## Task item
Write out exactly, and only, the lines below from the line with "Aşure kazanları bereket için kaynadı" through the line with "Lustre à pampilles"; pictures do not belong in the copy.

Records for processing Start Marker

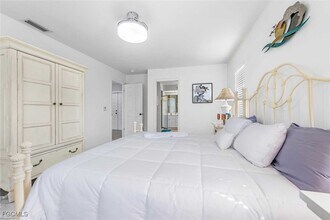 310 SE 47th St in Cape Coral, FL - Building Photo - Building Photo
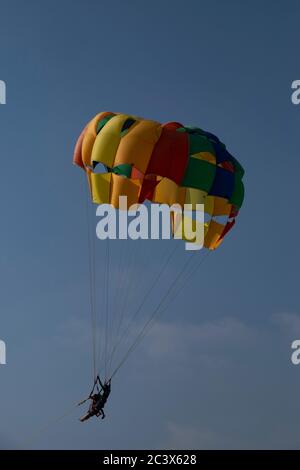 Turisti che amano il parasailing a Goa, India. Foto Stock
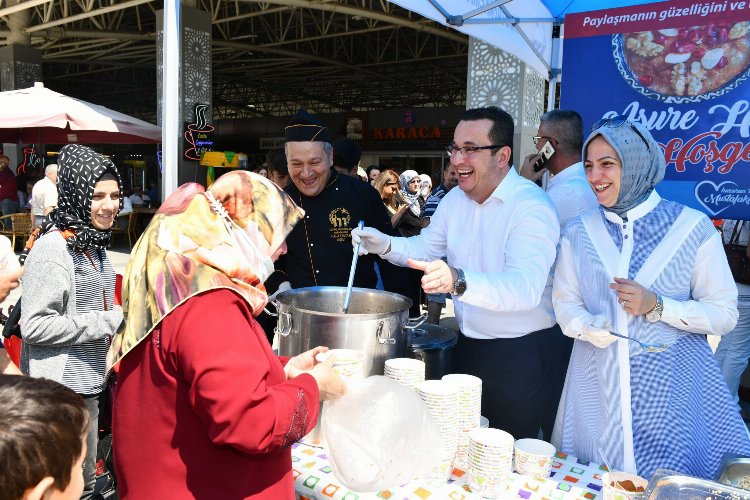 Aşure kazanları bereket için kaynadı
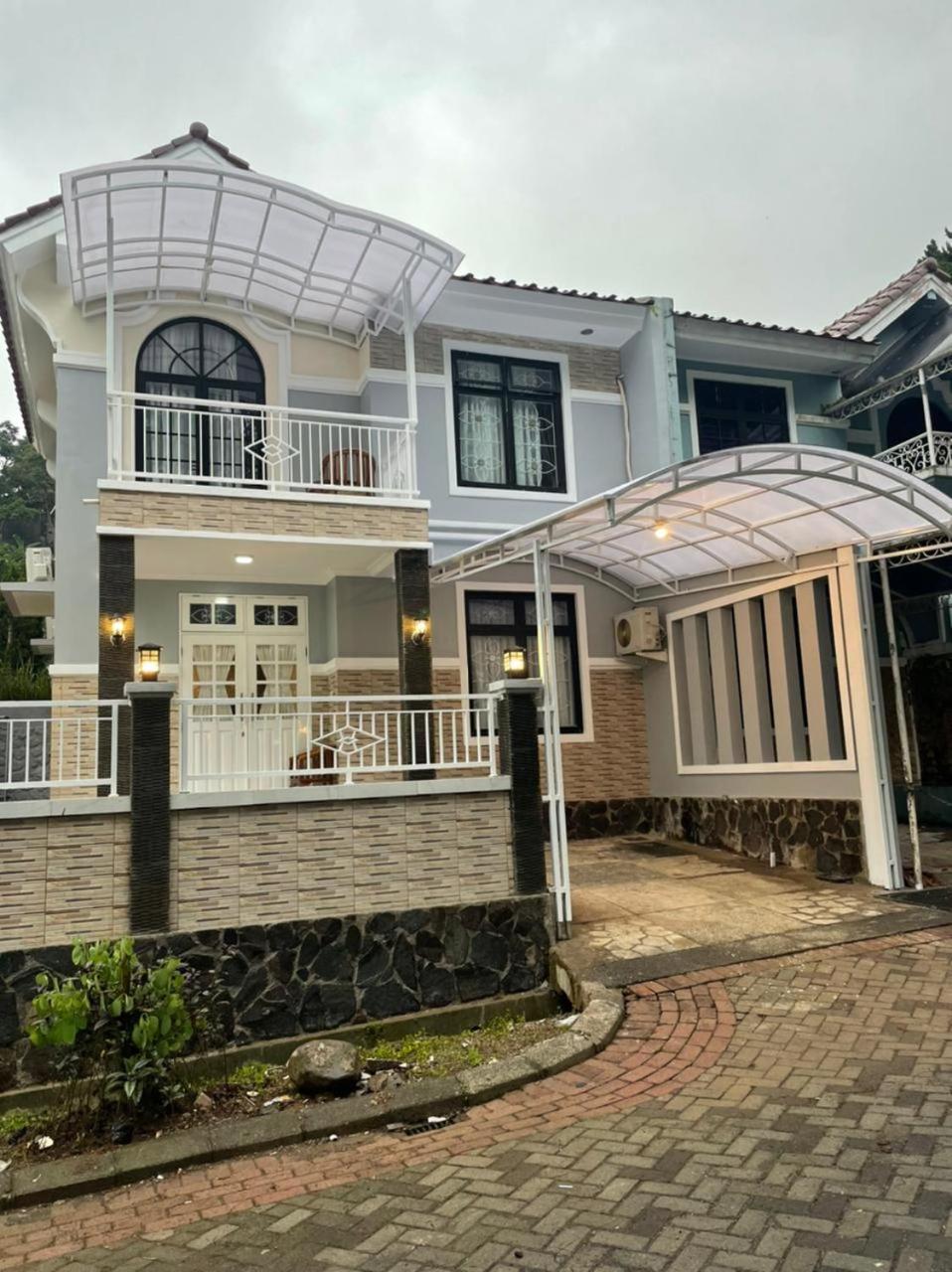 Three-Bedroom Villa - Photo 10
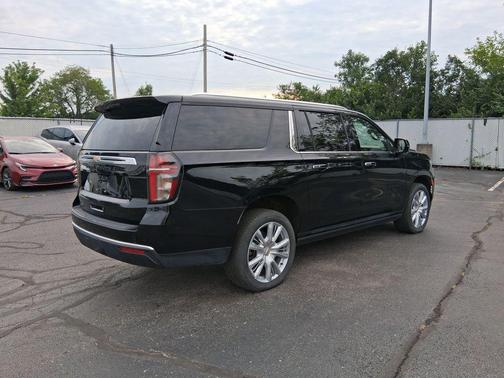 Black 2024 Chevrolet Suburban High Country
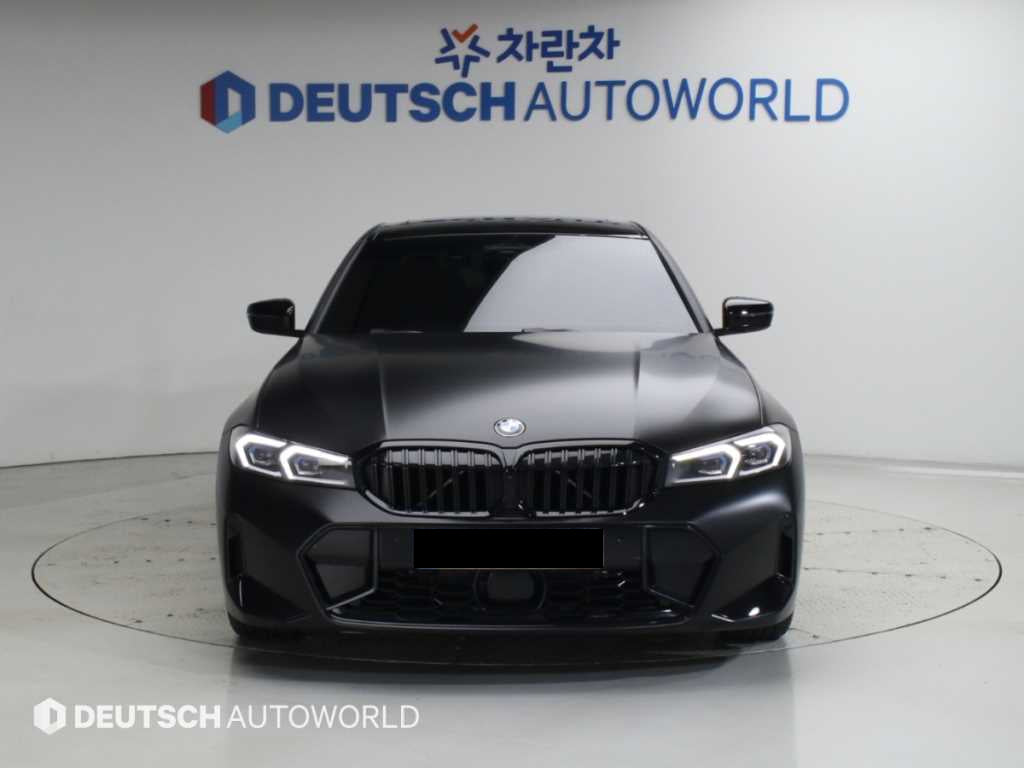 BMW 3-Series — photo 03
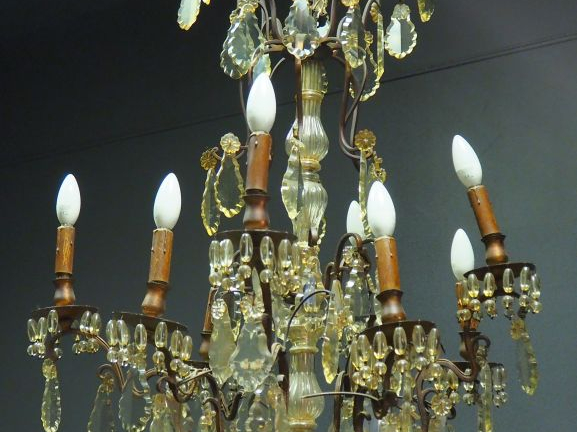 Lustre à pampilles éclairant à huit lumières.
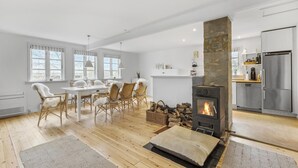 A modern living room with a fireplace, dining area, and kitchen. - Amazing home in Hornbæk with WiFi (Hornbæk)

Records for processing End Marker

## Your response
 Aşure kazanları bereket için kaynadı
 Three-Bedroom Villa - Photo 10
 Black 2024 Chevrolet Suburban High Country
 BMW 3-Series — photo 03
 Lustre à pampilles éclairant à huit lumières.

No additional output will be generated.